Reflection and refraction properties of laser-driven 2D quantum well: Analogy with Photonic Time Crystal

TL;DR

This paper investigates the reflection and refraction of electromagnetic waves in a laser-driven 2D quantum well, revealing its behavior as a photonic time crystal and supporting novel surface wave propagation.

Contribution

It introduces the concept of a laser-driven quantum well acting as a photonic time crystal with unique scattering and surface wave properties, supported by hydrodynamic modeling.

Findings

Quantum well acts as a photonic time crystal with non-shifted and shifted frequency components.

Downshifted satellites can propagate backward and become surface waves under certain conditions.

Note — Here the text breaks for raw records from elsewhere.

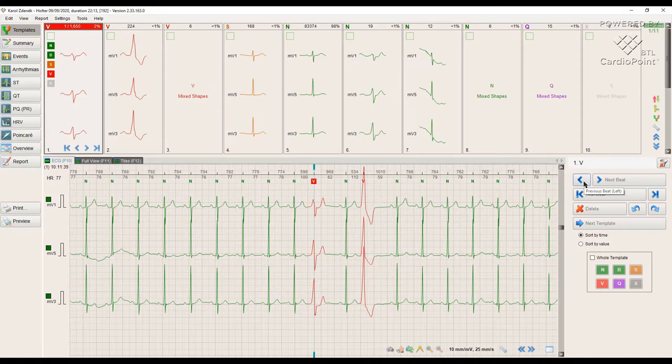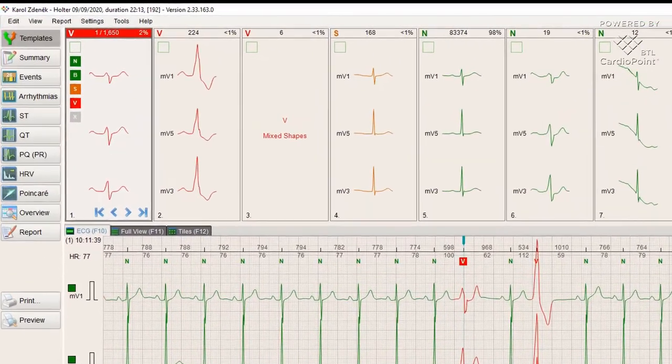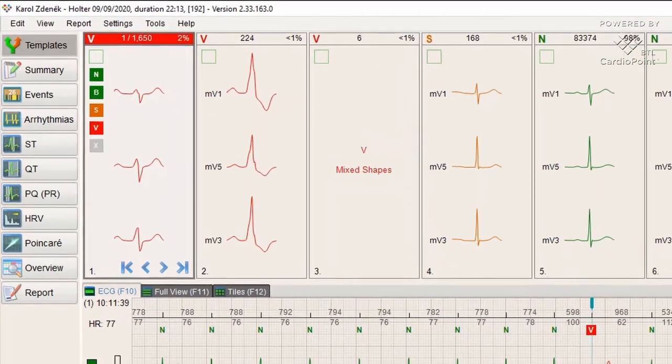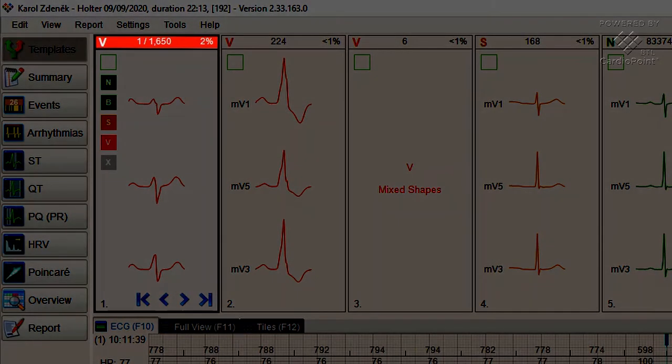The first template is determined as ventricular premature contractions. 1,650 PVC beats were recorded. It is 2% of the total number of beats in this recording.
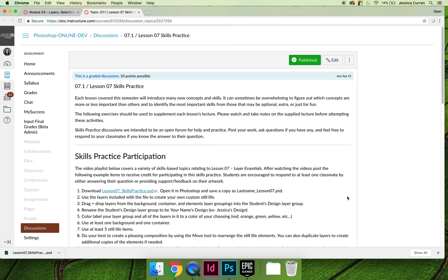I would like to take a minute to review a couple of key things that you'll need to do for the lesson 7 skills practice.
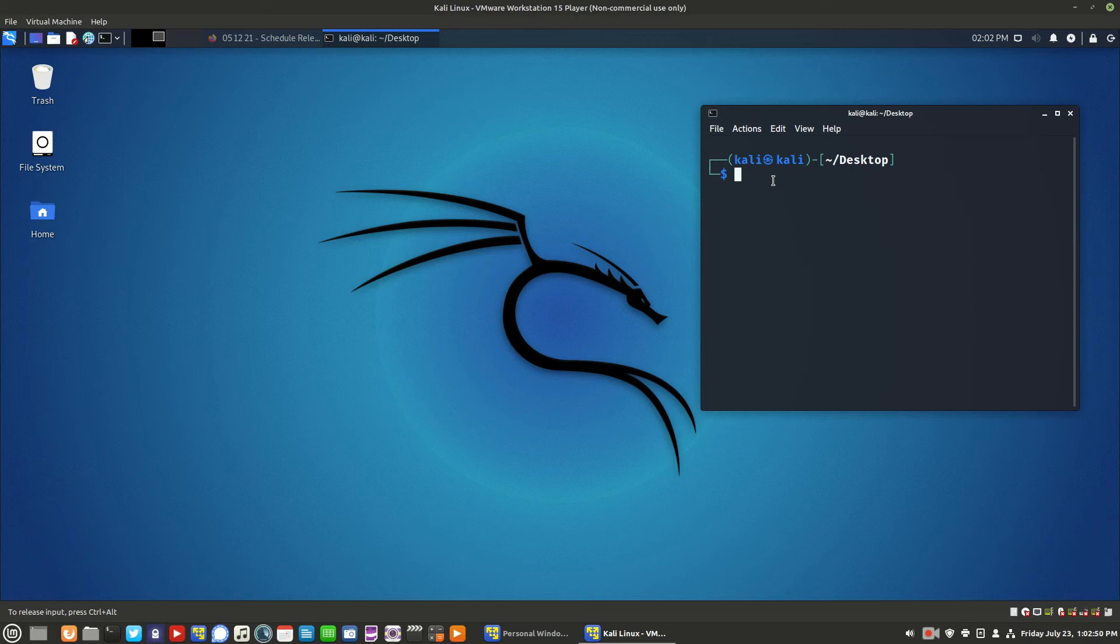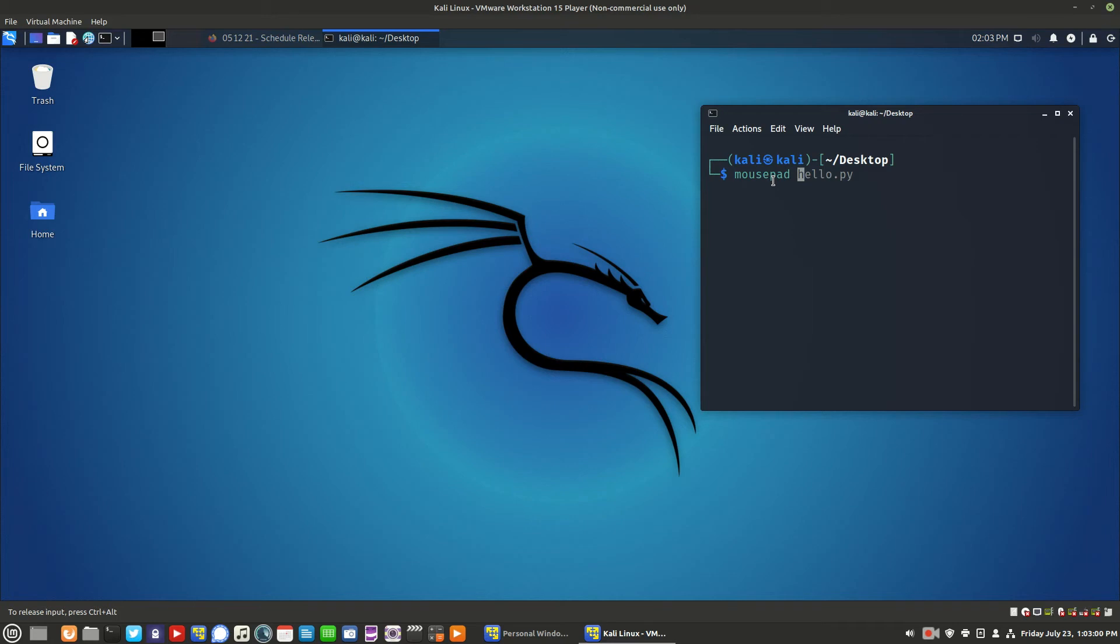We're going to create a Python script in Kali. So in the terminal, type mousepad, which is basically the text editor in Kali, followed by the name of the script, hello.py.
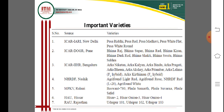HAU Hisar, an agricultural university, released varieties Hisar 2, Hisar Onion 3, and Hisar Onion 4. RAU Rajasthan, Udaipur released varieties Udaipur 101, Udaipur 102, and Udaipur 103. These are important varieties of onion released from different ICAR institutes and research centers.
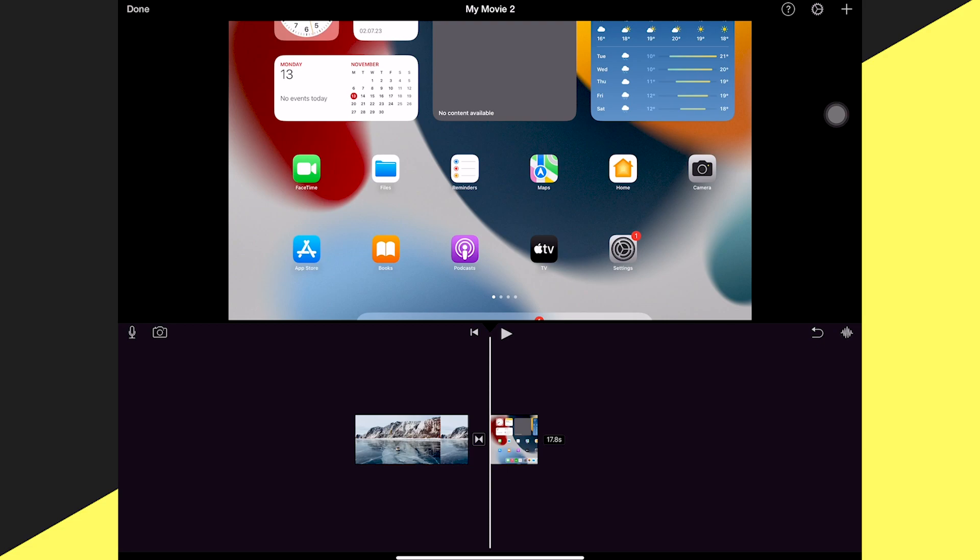And this is how you right-click on the iPad. If you enjoyed this video, please smash the like button and subscribe to my channel for more iPad tutorials. Have a good one, bye!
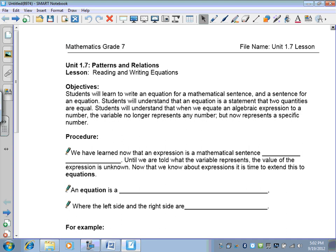Welcome to lesson 1.7 in Patterns and Relations. This lesson is going to concentrate on reading and writing equations.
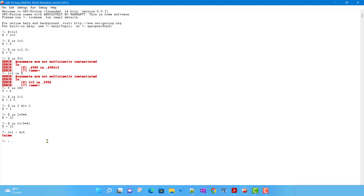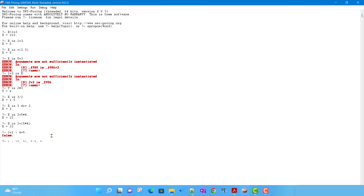There are several comparison operators: greater than, less than, greater than or equal to, less than or equal to (written as =<), arithmetic equality written as =:=, and not-equal written as =\=.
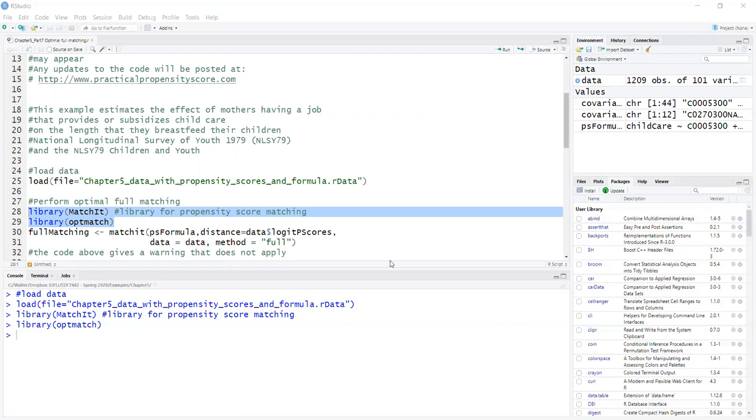This strategy is similar to creating strata, but with the maximum possible number of strata defined by the data. So it will result in strata ID where each strata will have at least one treated and one control.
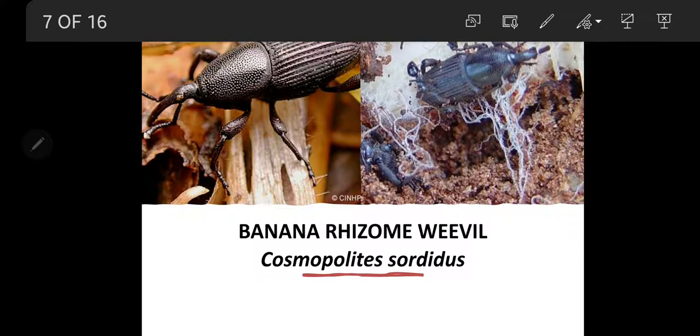Hello students! Here are some important or key pests infesting major fruit crops.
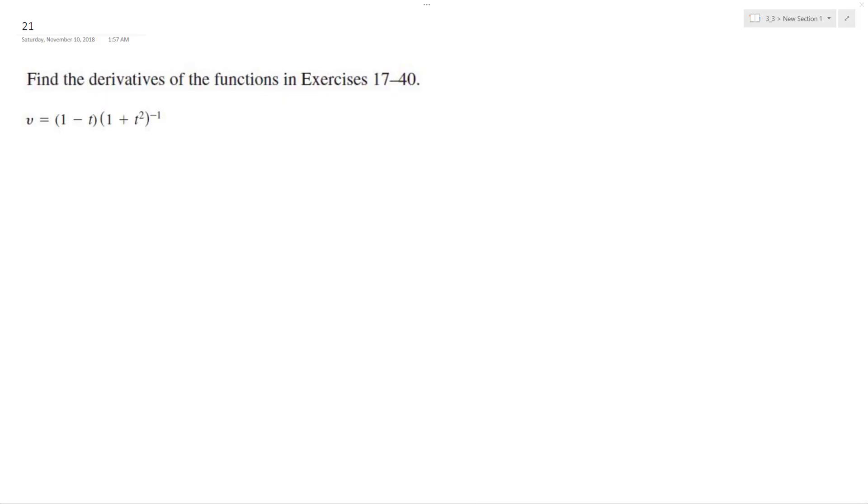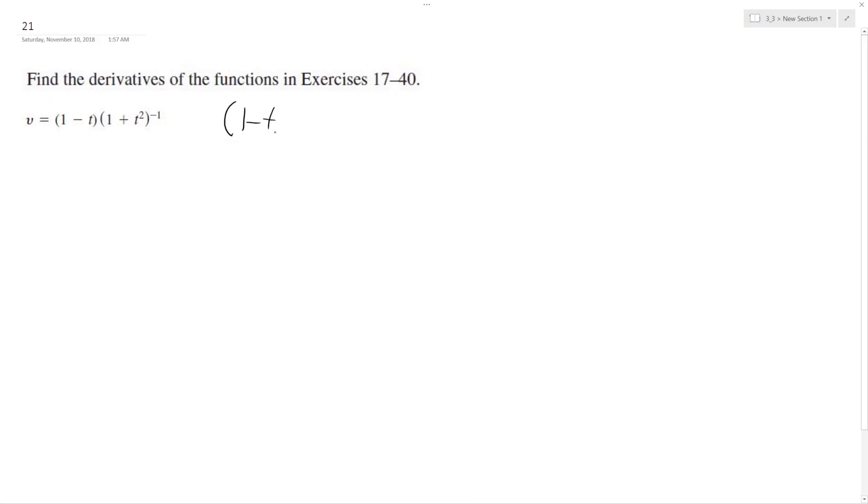I want to solve the following problem. I could use the product rule, but I'm going to use the quotient rule, so I'm going to rewrite this as 1 minus t over 1 plus t squared.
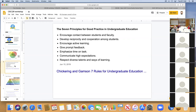Students learn best when given prompt feedback — and frankly, given my schedule, that's the one I struggle with the most. Things that encourage students to spend time on task: the more time they're working with the material, struggling with the content, working through problems, the better they're going to learn. Communicating high expectations: if you don't expect them to do much, guess what — they don't do much. And then respecting diverse talents and ways of learning. These principles were developed with face-to-face courses in mind, but we want to think about how to apply them to the online environment as well.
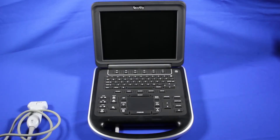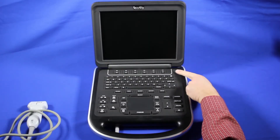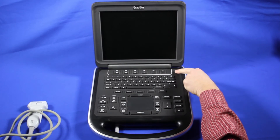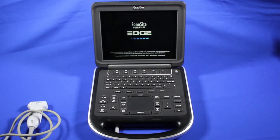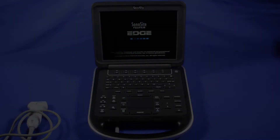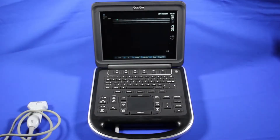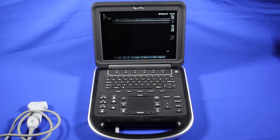To get started with the SonoSite Edge, press the power button key in the top right-hand corner. Once the machine is booted, you are ready to scan. But first, let's take a look around the system and get to know it a little bit better.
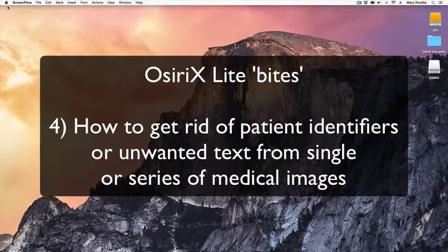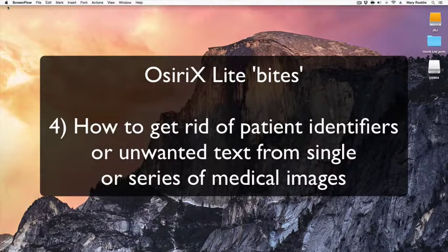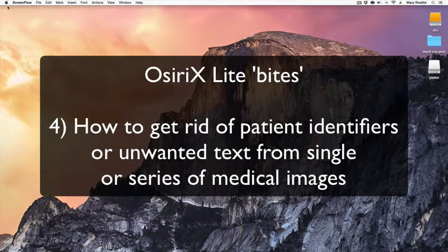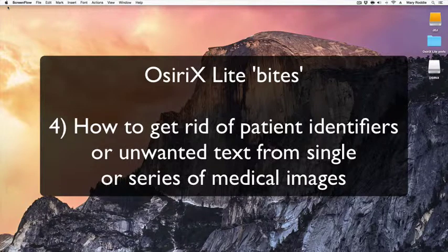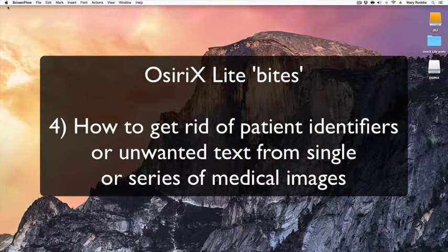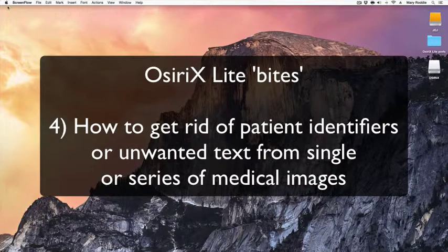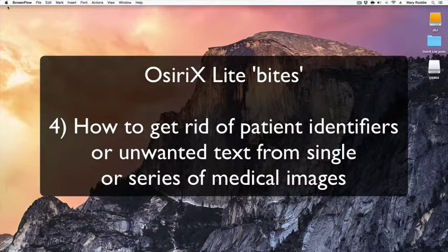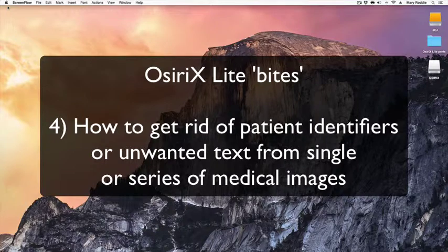Hello, my name is Mary Roddy from Charing Cross Hospital in London and the UK OsiriX User Group. Today's tutorial is aimed at delegates who attended the recent Imperial OsiriX Masterclass at the Royal College of Radiologists.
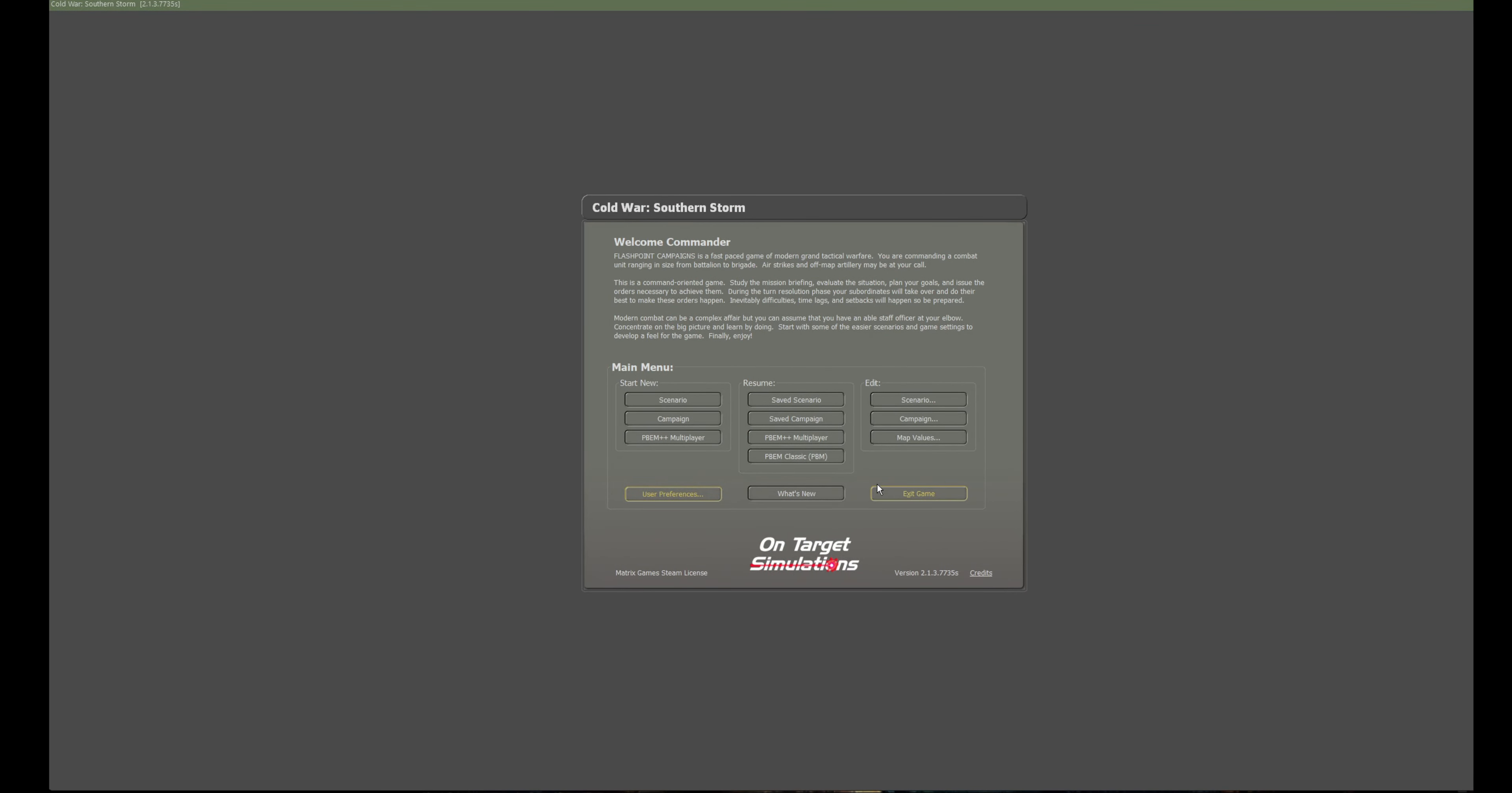Greetings, I'm Turvayne Glory and welcome to a new first look at a game. This is Flashpoint Campaigns Southern Storm, developed by OnTarget Simulations and published by Slitherine Limited or Matrix Games. I can never remember which is which, but anyway Slitherine Matrix.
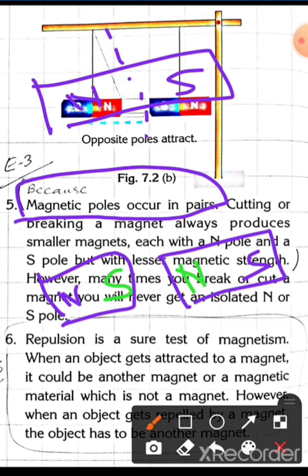Every time we break the magnet, each piece will again have one north pole and one south pole. No matter how many times we cut or break the magnet, the number of magnets increases but each one will always have two poles. We can say magnetic poles always occur in pairs.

Supports TE surface wave propagation in s-polarized configuration, which is normally forbidden.

Abstract

It has been demonstrated that a quantum well with optically excited, homogeneous oscillations of a two-dimensional (2D) electron plasma behaves as a photonic time crystal when it scatters an obliquely incident, weak probe electromagnetic wave. The hydrodynamic approximation is used to describe self-consistently the interaction between the probe wave and the 2D plasma. Such a quantum well becomes a polychromatic source and to the first order in perturbation reflected and transmitted radiation reveals as non-shifted in frequency principal components along with up- and down-shifted in frequency satellites. The downshifted satellites are backward propagating when the frequency of the probe wave is less than that of the plasma oscillations. We found the condition when the downshifted components are the surface waves. For the s-polarized probe wave, we found that the laser-driven quantum well can support propagation of TE surface wave, which would not normally be permitted to propagate freely. The amplitudes of the reflected and transmitted components are determined for the principal components and the up- and down-shifted satellites.